### WORK REQUEST
Print the lines that run from the line with "31 Ammonoosuc Dr, Bartlett, NH" to the line with "Coquet T 2 avec", keeping both end lines, exactly as they appear in the entries below, and nothing else.

───── DATASET EXCERPTS

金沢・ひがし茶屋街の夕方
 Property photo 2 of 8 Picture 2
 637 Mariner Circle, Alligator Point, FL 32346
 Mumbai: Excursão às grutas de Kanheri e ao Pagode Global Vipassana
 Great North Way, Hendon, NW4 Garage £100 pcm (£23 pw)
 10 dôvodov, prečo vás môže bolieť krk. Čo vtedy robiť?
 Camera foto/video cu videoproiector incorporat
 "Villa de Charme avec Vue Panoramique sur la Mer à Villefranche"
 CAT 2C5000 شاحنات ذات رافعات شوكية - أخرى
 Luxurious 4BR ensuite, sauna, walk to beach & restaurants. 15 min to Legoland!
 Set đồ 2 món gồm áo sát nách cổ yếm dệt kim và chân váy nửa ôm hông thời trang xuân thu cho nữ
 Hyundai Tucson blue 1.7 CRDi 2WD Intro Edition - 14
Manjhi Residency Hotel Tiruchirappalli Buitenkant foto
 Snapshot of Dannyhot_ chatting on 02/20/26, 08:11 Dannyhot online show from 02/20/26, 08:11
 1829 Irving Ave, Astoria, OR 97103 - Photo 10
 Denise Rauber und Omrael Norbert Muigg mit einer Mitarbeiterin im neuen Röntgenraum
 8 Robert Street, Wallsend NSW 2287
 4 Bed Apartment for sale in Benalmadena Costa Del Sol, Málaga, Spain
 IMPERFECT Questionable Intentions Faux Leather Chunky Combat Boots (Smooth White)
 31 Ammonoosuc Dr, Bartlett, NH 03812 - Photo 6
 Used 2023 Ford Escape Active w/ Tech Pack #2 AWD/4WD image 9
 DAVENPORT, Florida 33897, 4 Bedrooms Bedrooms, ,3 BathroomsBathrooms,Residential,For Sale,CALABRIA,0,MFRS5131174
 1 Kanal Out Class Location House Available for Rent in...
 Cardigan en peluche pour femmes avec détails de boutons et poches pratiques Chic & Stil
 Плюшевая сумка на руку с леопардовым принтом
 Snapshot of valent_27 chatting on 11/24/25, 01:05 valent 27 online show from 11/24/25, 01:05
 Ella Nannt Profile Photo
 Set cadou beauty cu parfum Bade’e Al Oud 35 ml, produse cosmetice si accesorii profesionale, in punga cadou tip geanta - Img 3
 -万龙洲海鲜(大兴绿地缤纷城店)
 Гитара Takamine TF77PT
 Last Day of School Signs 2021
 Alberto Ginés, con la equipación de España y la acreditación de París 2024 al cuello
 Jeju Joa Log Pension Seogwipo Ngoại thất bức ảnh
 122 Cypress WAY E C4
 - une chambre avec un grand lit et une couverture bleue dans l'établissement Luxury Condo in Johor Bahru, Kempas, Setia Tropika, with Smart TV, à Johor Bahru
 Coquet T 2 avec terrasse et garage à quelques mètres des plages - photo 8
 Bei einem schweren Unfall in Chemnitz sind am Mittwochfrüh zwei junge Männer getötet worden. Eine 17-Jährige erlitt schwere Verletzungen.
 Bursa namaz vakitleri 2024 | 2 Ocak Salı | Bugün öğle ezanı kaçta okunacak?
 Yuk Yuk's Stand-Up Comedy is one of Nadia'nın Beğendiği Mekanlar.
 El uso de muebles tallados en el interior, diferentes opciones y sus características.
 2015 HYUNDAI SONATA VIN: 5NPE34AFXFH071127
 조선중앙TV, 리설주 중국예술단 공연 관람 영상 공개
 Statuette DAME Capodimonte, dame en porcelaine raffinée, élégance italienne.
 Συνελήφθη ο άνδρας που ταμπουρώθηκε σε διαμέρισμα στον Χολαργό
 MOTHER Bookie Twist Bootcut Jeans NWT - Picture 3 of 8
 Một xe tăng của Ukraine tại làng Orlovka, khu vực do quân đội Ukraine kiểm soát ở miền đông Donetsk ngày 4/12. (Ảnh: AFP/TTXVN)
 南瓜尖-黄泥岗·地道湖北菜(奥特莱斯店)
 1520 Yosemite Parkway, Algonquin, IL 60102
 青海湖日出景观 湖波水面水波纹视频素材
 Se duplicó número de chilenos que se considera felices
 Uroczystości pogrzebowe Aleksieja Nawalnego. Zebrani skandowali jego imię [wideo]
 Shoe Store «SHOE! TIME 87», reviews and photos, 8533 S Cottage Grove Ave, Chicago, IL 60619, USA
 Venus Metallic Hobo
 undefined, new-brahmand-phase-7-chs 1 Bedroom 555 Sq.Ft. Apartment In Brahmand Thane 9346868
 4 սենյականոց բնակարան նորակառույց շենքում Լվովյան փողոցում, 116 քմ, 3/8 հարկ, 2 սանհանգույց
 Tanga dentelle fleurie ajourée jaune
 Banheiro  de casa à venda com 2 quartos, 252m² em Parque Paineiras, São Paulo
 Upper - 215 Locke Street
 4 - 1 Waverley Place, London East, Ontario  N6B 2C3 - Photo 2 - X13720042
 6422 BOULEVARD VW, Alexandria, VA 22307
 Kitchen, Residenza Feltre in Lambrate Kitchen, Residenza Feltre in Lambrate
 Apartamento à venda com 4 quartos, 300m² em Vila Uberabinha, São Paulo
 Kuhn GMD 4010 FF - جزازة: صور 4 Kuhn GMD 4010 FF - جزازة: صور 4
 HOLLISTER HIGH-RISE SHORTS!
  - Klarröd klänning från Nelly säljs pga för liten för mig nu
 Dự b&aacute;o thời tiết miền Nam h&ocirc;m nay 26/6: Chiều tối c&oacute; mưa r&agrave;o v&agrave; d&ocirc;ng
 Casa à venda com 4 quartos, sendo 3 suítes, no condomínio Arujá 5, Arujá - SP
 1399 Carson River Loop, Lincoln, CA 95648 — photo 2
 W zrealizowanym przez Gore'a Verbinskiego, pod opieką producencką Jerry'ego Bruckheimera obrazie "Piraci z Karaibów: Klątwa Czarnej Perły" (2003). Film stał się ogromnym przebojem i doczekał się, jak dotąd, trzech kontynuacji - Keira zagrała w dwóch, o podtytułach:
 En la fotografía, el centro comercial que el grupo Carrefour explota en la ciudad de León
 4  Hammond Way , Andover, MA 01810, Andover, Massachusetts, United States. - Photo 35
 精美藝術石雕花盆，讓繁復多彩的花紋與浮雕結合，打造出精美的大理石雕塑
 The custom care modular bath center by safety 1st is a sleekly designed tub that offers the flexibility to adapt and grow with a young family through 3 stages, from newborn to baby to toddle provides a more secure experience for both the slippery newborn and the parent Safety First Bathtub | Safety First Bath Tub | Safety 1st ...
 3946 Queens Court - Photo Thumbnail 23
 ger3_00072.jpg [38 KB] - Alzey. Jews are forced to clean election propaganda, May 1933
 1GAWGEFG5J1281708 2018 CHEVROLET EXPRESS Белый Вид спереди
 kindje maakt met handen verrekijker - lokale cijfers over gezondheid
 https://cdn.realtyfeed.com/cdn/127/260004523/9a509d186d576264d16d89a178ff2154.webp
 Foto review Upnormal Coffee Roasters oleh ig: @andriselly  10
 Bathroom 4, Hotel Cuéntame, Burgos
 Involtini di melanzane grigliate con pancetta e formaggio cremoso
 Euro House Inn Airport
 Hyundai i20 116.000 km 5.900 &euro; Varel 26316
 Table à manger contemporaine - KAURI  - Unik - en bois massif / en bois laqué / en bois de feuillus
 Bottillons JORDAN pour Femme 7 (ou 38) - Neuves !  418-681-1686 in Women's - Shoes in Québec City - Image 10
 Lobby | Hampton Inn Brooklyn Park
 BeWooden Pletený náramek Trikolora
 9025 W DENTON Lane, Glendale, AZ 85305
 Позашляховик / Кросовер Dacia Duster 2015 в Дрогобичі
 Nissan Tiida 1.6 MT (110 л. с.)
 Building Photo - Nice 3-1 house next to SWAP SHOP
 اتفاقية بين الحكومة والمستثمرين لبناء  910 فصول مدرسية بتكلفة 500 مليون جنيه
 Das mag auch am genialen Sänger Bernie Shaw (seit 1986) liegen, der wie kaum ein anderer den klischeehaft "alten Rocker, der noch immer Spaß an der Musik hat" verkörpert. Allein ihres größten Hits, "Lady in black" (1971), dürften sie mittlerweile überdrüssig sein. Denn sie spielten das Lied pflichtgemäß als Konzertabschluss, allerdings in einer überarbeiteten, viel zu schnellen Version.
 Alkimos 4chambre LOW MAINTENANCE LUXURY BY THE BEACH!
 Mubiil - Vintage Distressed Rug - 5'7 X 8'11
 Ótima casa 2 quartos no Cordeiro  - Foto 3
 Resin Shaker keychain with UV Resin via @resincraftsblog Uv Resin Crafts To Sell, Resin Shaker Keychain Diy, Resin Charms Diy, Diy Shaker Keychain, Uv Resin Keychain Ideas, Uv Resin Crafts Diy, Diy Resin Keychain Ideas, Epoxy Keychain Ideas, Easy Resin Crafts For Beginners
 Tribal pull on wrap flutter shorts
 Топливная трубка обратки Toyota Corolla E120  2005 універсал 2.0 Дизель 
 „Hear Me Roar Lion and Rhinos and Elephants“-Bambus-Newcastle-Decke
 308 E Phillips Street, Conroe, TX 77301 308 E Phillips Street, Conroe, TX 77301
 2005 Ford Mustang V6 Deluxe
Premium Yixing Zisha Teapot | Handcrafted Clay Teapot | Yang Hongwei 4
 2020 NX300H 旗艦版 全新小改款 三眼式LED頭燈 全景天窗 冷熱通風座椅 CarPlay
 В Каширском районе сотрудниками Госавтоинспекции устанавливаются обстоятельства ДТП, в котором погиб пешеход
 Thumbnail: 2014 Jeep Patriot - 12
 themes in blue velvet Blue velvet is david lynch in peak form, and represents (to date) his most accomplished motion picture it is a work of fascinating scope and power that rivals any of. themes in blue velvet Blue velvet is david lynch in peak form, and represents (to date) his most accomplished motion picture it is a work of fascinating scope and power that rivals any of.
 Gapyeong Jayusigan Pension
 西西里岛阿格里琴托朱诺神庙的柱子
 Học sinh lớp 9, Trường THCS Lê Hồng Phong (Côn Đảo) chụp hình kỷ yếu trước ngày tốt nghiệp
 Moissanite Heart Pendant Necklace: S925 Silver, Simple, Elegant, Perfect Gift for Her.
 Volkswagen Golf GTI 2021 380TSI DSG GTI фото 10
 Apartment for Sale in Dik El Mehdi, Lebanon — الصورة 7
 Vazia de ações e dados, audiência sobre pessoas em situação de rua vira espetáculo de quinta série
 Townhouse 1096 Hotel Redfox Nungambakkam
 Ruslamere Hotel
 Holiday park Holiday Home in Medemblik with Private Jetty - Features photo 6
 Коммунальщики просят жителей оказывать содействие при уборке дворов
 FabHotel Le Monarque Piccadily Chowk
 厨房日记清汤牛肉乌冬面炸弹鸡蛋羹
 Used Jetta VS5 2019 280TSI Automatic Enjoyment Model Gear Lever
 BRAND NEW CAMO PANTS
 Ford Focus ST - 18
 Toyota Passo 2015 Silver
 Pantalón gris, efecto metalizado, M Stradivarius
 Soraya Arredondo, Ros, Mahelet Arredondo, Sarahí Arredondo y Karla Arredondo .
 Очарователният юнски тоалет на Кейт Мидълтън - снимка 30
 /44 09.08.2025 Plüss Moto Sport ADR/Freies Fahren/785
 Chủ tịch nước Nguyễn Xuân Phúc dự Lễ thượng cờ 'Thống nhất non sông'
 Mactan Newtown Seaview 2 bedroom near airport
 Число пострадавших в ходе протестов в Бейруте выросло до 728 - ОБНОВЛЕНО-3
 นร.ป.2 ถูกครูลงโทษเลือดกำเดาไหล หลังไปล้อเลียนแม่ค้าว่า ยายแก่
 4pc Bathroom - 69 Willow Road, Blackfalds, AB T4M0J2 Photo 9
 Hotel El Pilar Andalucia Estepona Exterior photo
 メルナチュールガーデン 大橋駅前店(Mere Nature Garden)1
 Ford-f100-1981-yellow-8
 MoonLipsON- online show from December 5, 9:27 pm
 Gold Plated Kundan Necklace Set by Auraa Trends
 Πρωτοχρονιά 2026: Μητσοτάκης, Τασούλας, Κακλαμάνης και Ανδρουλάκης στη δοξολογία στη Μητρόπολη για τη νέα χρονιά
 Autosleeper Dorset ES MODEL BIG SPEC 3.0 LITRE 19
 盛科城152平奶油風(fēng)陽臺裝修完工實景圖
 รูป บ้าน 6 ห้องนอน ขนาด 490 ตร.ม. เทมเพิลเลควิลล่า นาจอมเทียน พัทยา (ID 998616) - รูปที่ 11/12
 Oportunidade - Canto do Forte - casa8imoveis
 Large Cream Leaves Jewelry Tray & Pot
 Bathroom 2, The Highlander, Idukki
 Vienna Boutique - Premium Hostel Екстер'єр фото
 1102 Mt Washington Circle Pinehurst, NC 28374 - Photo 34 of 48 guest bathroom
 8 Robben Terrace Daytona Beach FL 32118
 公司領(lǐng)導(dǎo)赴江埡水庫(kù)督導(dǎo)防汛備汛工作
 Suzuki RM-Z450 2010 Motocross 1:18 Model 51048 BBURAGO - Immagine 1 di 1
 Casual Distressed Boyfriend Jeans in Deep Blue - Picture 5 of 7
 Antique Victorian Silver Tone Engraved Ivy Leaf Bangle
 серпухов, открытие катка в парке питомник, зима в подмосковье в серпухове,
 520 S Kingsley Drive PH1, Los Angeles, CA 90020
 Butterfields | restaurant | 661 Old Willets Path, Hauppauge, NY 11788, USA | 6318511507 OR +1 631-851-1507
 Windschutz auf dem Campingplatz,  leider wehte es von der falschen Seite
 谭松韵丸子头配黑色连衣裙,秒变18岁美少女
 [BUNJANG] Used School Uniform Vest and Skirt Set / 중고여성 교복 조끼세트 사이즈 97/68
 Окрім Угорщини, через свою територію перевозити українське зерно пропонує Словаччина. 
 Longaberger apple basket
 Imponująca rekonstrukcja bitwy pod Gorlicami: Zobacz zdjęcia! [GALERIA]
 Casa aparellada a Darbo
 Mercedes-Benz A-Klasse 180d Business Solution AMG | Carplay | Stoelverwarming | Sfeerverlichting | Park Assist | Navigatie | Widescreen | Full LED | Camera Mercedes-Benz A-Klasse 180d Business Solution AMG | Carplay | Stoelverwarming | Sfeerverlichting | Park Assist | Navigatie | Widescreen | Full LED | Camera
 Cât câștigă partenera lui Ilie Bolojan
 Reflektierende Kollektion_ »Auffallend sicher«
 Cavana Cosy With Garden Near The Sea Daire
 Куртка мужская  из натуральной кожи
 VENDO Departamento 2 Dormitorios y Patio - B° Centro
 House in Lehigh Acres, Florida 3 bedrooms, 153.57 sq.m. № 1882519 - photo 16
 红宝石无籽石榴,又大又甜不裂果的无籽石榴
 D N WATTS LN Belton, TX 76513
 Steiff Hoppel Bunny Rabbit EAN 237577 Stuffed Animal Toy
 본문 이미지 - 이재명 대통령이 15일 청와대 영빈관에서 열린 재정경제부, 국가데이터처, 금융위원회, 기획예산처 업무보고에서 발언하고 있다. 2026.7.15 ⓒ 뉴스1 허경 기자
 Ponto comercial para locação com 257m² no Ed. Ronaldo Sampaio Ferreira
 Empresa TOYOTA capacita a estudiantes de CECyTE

──────────

### EXPECTED ANSWER
 31 Ammonoosuc Dr, Bartlett, NH 03812 - Photo 6
 Used 2023 Ford Escape Active w/ Tech Pack #2 AWD/4WD image 9
 DAVENPORT, Florida 33897, 4 Bedrooms Bedrooms, ,3 BathroomsBathrooms,Residential,For Sale,CALABRIA,0,MFRS5131174
 1 Kanal Out Class Location House Available for Rent in...
 Cardigan en peluche pour femmes avec détails de boutons et poches pratiques Chic & Stil
 Плюшевая сумка на руку с леопардовым принтом
 Snapshot of valent_27 chatting on 11/24/25, 01:05 valent 27 online show from 11/24/25, 01:05
 Ella Nannt Profile Photo
 Set cadou beauty cu parfum Bade’e Al Oud 35 ml, produse cosmetice si accesorii profesionale, in punga cadou tip geanta - Img 3
 -万龙洲海鲜(大兴绿地缤纷城店)
 Гитара Takamine TF77PT
 Last Day of School Signs 2021
 Alberto Ginés, con la equipación de España y la acreditación de París 2024 al cuello
 Jeju Joa Log Pension Seogwipo Ngoại thất bức ảnh
 122 Cypress WAY E C4
 - une chambre avec un grand lit et une couverture bleue dans l'établissement Luxury Condo in Johor Bahru, Kempas, Setia Tropika, with Smart TV, à Johor Bahru
 Coquet T 2 avec terrasse et garage à quelques mètres des plages - photo 8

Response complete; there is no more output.